Sonunda, 38 Suriyeli göçmen nehrin ortasında oluşan bir adacığa sığınıyorlar...

22 erkek, biri hamile 9 kadın ve 7 çocuk aç ve susuz!

İki taraf da adeta üç maymunları oynuyor...

Yunanlılar, “Türk topraklarında” diyor.

Türkler de Yunan topraklarında!

Olay dünya medyasına yansıyınca, BM devreye giriyor...

Yunan makamları, göçmenleri kurtarmak zorunda kalıyor.


Milyonlarca doları nasıl pay ediyorlar?

Aslında, insanlık adına yıllardır büyük bir utanç yaşanıyor...

Milyonlarca insan ölümü göze alıp ya Akdeniz ve Ege’nin sularına gömülüyorlar.

Ya da bir TIR kasalarına balık istifi gibi bindirilip, nefes alamayarak can veriyorlar...

Ancak yine de akın akın ülkelerinden kaçıyorlar.

Atina’da gazetecilik yaptığım yıllardan beri göçmenlerin dramını izlerim.

Ne yazık ki 1990’lardan itibaren insan kaçaklığının merkezlerinden biri İstanbul oldu.

Tabii ki merkez sadece İstanbul olamaz.

Ancak önemli bir merkez olduğuna da hiç kuşku yok!

Aslında ticareti uluslararası şebekeler yürütüyor.

2000’lerin başında insan tacirleri göçmen başına 4-5 bin dolar alıyordu.

Organizatörler, güvenli evler, lastik botlar, balıkçı tekneleri, TIR’lar, otobüsler, gözcüler ve sınırdaki görevliler…
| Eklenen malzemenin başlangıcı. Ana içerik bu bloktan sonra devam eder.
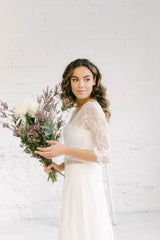 Modelo de perfil vestida de novia. La sobrecapa que lleva le permite llevar los brazos tapados con encaje gracias al abrigo con cola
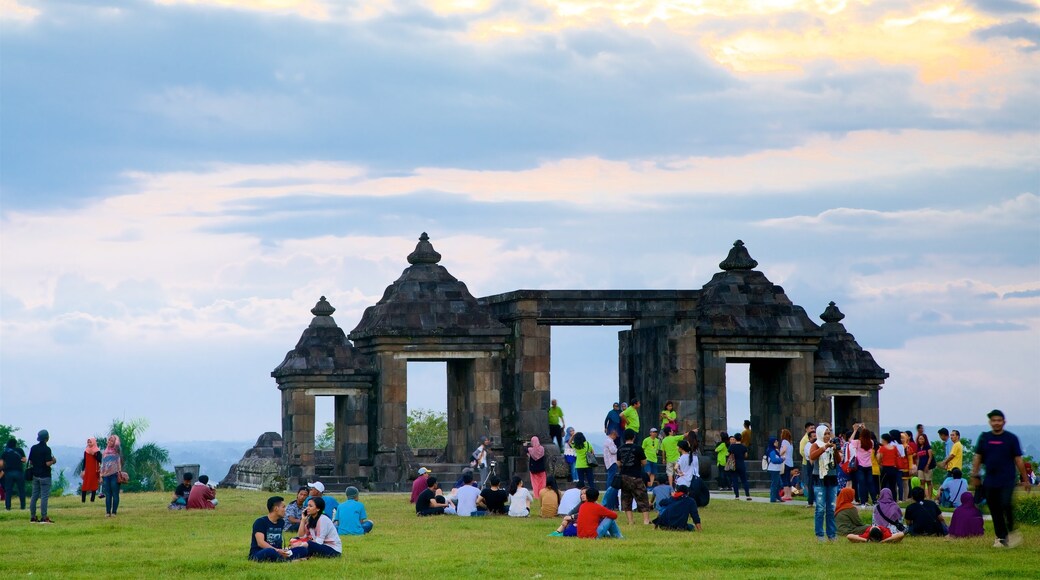 Special Region of Yogyakarta featuring picnicing, heritage elements and a sunset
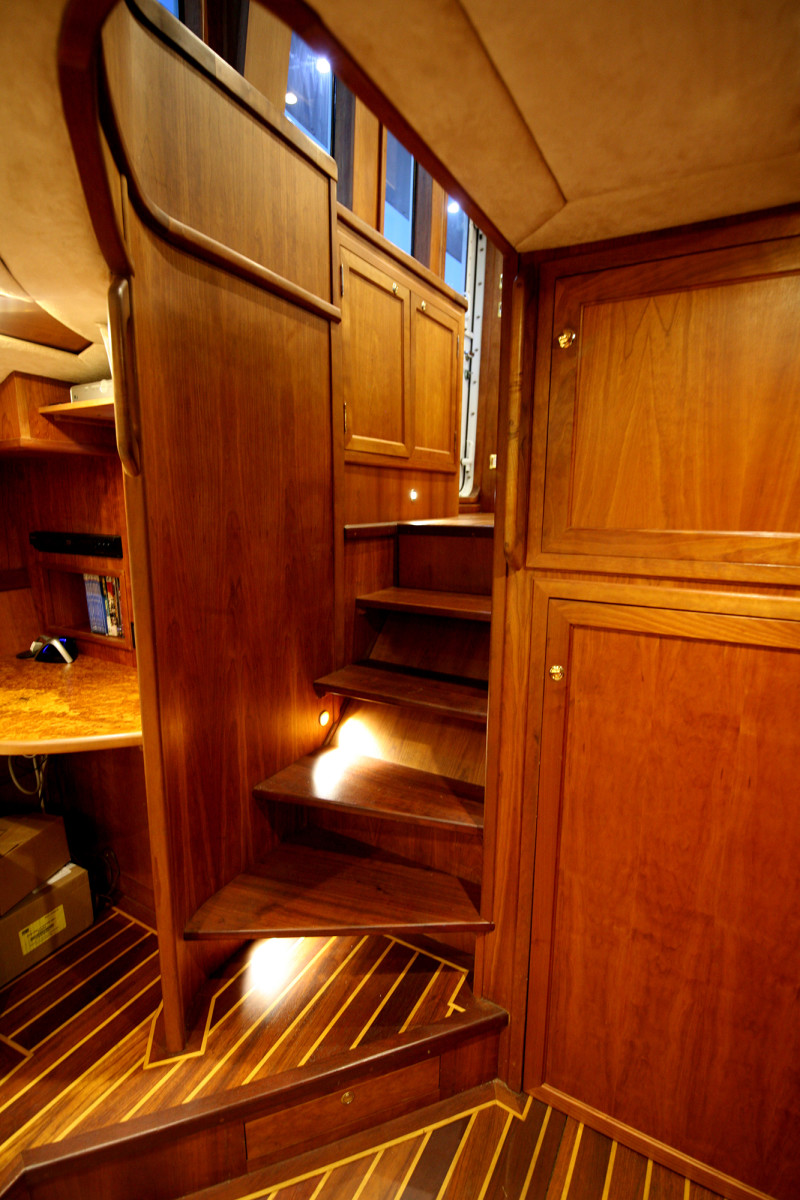 The view from the master stateroom shows the consistency of detail throughout the custom cabinetry, all finished in natural cherry. 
O zaman şebeke elemanları arasında Türk-Yunan-Bulgar görevlilerinin de olduğu saptandı...

Tabii İran, Irak ve Suriye sınırında yaşananları da unutmayalım...

Kısacası paylaşılan milyonlarca dolardan söz ediyoruz...
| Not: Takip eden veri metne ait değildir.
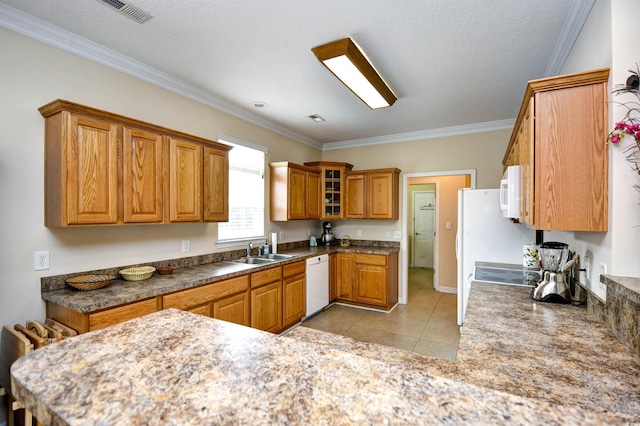 kitchen featuring light tile patterned flooring, white appliances, crown molding, and sink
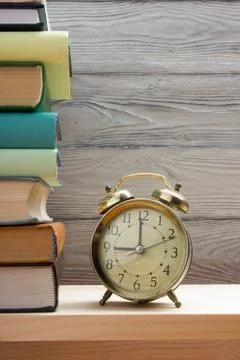 Stack of books on wooden table. Back to school. Copy space Stock Photos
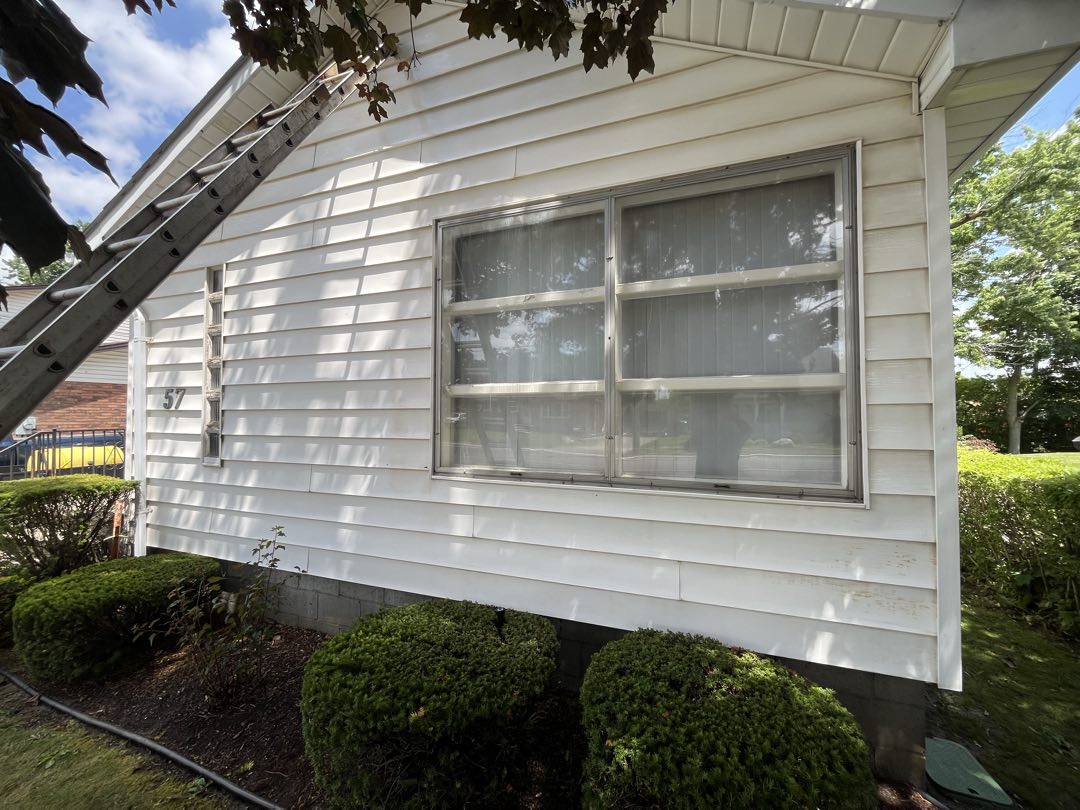 The same siding after Stonegate removed the rust stains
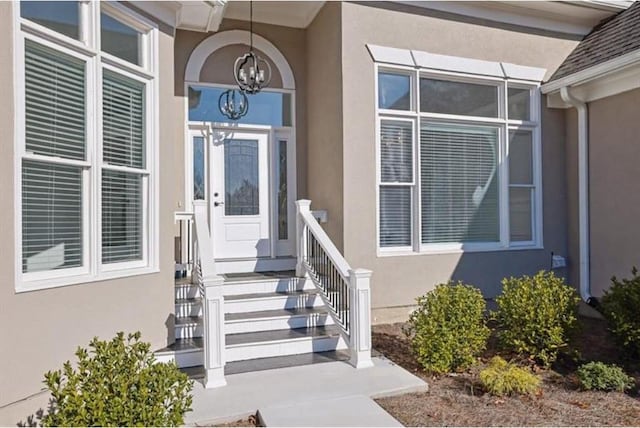 view of exterior entry with stucco siding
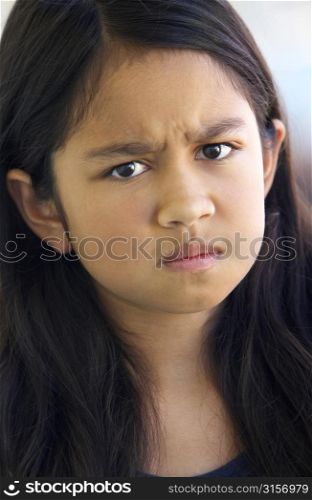 Portrait Of Girl Frowning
İnsan ticaretinden, küçük ya da büyük paylar alan binlerce insan var...

30 yıldır Irak, Libya, Suriye ve Afganistan başta olmak üzere savaşa sürüklenen ülkelerden kaçan milyonlar milyonlar!

21. yüzyılın en büyük insanlık dramı savaşlar bitmeden önlenebilir mi?